(DATASET EXTRACT begins)

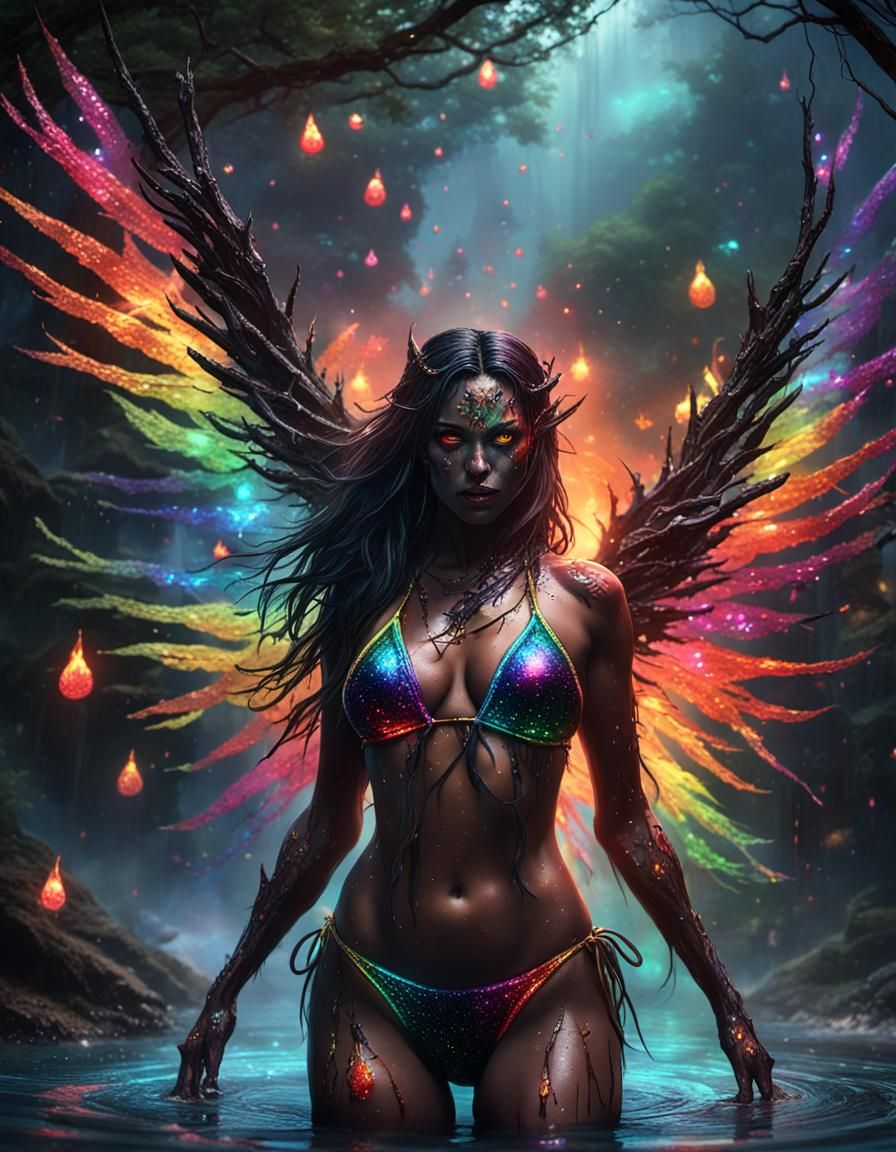 Fiery Fairy in Dark Fantasy Style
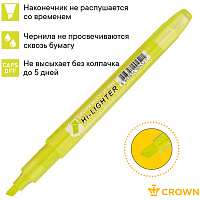 Текстовыделитель Crown "Multi Hi-Lighter" желтый, 1-4мм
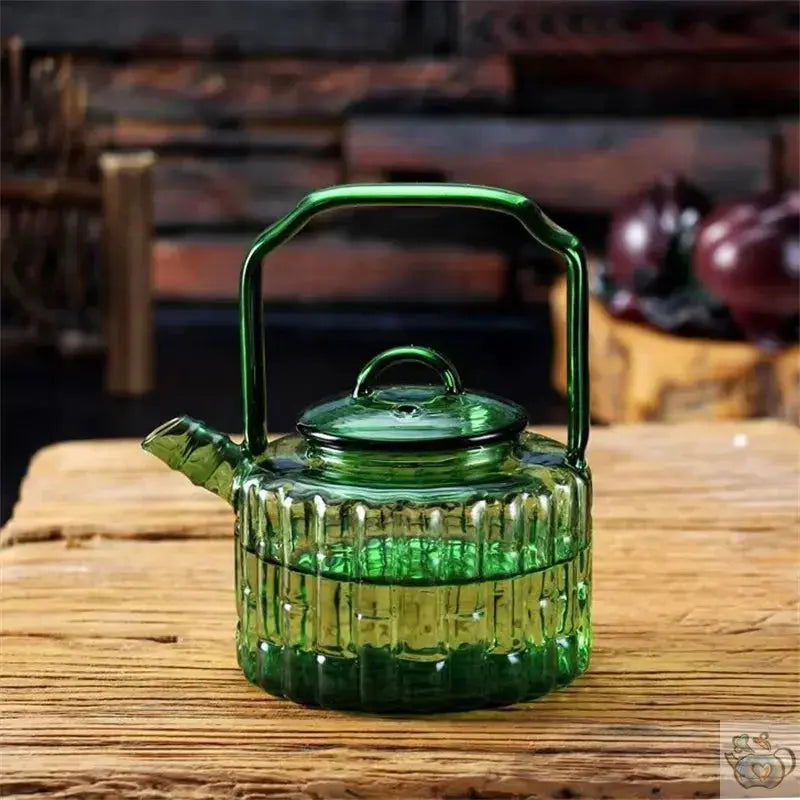 Théière en verre vert design bouilloire bambou | Théières à la folie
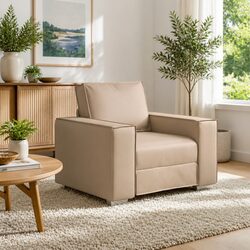 Concise Brown Faux Leather Sofa Chair for Comfort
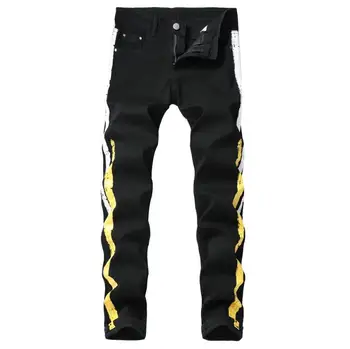 2021 Vyrų spalvota juostele spausdinti juodas ruožas džinsai Slim fit plus didelis dydis dažytos Džinsinio audinio kelnės Atsitiktinis Žmogus kelnės W1646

(DATASET EXTRACT ends)

• [WORK INSTRUCTIONS]
Please return, without any change, the lines from the line containing "Concise Brown Faux" through the last line of the entries, dropping the pictures.

• [THE COMPLETED TASK]
 Concise Brown Faux Leather Sofa Chair for Comfort
 2021 Vyrų spalvota juostele spausdinti juodas ruožas džinsai Slim fit plus didelis dydis dažytos Džinsinio audinio kelnės Atsitiktinis Žmogus kelnės W1646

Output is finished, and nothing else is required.